DIRECTIONS FOR THIS TASK ▸ All of the data should be restated word for word.

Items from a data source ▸
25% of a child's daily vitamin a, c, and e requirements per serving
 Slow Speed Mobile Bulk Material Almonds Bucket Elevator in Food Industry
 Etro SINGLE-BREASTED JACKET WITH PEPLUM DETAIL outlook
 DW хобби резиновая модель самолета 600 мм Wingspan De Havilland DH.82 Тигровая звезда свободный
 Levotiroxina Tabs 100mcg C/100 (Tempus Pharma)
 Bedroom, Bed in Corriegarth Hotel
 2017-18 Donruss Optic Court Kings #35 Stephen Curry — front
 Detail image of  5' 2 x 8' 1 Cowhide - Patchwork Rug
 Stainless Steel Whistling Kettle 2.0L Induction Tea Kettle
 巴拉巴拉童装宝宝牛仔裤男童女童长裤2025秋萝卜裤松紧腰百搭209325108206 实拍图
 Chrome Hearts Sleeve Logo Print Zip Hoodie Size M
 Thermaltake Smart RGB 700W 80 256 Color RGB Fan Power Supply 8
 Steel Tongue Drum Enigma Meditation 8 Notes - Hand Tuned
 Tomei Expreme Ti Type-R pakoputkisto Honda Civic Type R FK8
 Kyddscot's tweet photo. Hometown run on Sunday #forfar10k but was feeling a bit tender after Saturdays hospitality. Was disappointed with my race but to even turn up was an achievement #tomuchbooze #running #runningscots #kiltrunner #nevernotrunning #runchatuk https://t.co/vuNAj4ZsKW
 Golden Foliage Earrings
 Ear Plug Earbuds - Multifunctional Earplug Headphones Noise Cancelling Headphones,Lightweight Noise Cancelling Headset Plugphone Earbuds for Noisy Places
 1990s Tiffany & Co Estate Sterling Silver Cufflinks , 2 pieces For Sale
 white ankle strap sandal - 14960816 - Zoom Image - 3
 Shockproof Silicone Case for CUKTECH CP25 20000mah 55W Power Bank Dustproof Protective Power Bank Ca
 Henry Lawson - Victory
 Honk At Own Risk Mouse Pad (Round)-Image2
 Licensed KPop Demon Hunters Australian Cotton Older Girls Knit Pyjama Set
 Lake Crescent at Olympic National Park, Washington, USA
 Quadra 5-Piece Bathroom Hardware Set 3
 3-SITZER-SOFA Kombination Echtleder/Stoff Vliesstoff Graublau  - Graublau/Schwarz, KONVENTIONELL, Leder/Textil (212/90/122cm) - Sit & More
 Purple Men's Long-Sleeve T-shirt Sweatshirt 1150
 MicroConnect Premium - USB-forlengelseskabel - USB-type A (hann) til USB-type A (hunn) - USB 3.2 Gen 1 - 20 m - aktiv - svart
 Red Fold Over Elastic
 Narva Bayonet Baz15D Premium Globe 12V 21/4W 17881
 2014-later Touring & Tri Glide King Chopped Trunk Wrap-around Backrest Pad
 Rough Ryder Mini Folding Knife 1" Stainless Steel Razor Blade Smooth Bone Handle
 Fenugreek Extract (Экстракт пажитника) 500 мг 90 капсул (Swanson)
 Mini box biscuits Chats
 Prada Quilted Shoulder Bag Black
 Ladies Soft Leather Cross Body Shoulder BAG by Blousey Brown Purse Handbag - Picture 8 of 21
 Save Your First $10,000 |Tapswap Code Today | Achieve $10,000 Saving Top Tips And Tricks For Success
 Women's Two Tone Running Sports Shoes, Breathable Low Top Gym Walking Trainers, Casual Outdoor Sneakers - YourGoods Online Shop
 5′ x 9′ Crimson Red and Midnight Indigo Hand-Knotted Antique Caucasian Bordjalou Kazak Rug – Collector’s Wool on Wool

EXPECTED ANSWER ▸
25% of a child's daily vitamin a, c, and e requirements per serving
 Slow Speed Mobile Bulk Material Almonds Bucket Elevator in Food Industry
 Etro SINGLE-BREASTED JACKET WITH PEPLUM DETAIL outlook
 DW хобби резиновая модель самолета 600 мм Wingspan De Havilland DH.82 Тигровая звезда свободный
 Levotiroxina Tabs 100mcg C/100 (Tempus Pharma)
 Bedroom, Bed in Corriegarth Hotel
 2017-18 Donruss Optic Court Kings #35 Stephen Curry — front
 Detail image of  5' 2 x 8' 1 Cowhide - Patchwork Rug
 Stainless Steel Whistling Kettle 2.0L Induction Tea Kettle
 巴拉巴拉童装宝宝牛仔裤男童女童长裤2025秋萝卜裤松紧腰百搭209325108206 实拍图
 Chrome Hearts Sleeve Logo Print Zip Hoodie Size M
 Thermaltake Smart RGB 700W 80 256 Color RGB Fan Power Supply 8
 Steel Tongue Drum Enigma Meditation 8 Notes - Hand Tuned
 Tomei Expreme Ti Type-R pakoputkisto Honda Civic Type R FK8
 Kyddscot's tweet photo. Hometown run on Sunday #forfar10k but was feeling a bit tender after Saturdays hospitality. Was disappointed with my race but to even turn up was an achievement #tomuchbooze #running #runningscots #kiltrunner #nevernotrunning #runchatuk https://t.co/vuNAj4ZsKW
 Golden Foliage Earrings
 Ear Plug Earbuds - Multifunctional Earplug Headphones Noise Cancelling Headphones,Lightweight Noise Cancelling Headset Plugphone Earbuds for Noisy Places
 1990s Tiffany & Co Estate Sterling Silver Cufflinks , 2 pieces For Sale
 white ankle strap sandal - 14960816 - Zoom Image - 3
 Shockproof Silicone Case for CUKTECH CP25 20000mah 55W Power Bank Dustproof Protective Power Bank Ca
 Henry Lawson - Victory
 Honk At Own Risk Mouse Pad (Round)-Image2
 Licensed KPop Demon Hunters Australian Cotton Older Girls Knit Pyjama Set
 Lake Crescent at Olympic National Park, Washington, USA
 Quadra 5-Piece Bathroom Hardware Set 3
 3-SITZER-SOFA Kombination Echtleder/Stoff Vliesstoff Graublau  - Graublau/Schwarz, KONVENTIONELL, Leder/Textil (212/90/122cm) - Sit & More
 Purple Men's Long-Sleeve T-shirt Sweatshirt 1150
 MicroConnect Premium - USB-forlengelseskabel - USB-type A (hann) til USB-type A (hunn) - USB 3.2 Gen 1 - 20 m - aktiv - svart
 Red Fold Over Elastic
 Narva Bayonet Baz15D Premium Globe 12V 21/4W 17881
 2014-later Touring & Tri Glide King Chopped Trunk Wrap-around Backrest Pad
 Rough Ryder Mini Folding Knife 1" Stainless Steel Razor Blade Smooth Bone Handle
 Fenugreek Extract (Экстракт пажитника) 500 мг 90 капсул (Swanson)
 Mini box biscuits Chats
 Prada Quilted Shoulder Bag Black
 Ladies Soft Leather Cross Body Shoulder BAG by Blousey Brown Purse Handbag - Picture 8 of 21
 Save Your First $10,000 |Tapswap Code Today | Achieve $10,000 Saving Top Tips And Tricks For Success
 Women's Two Tone Running Sports Shoes, Breathable Low Top Gym Walking Trainers, Casual Outdoor Sneakers - YourGoods Online Shop
 5′ x 9′ Crimson Red and Midnight Indigo Hand-Knotted Antique Caucasian Bordjalou Kazak Rug – Collector’s Wool on Wool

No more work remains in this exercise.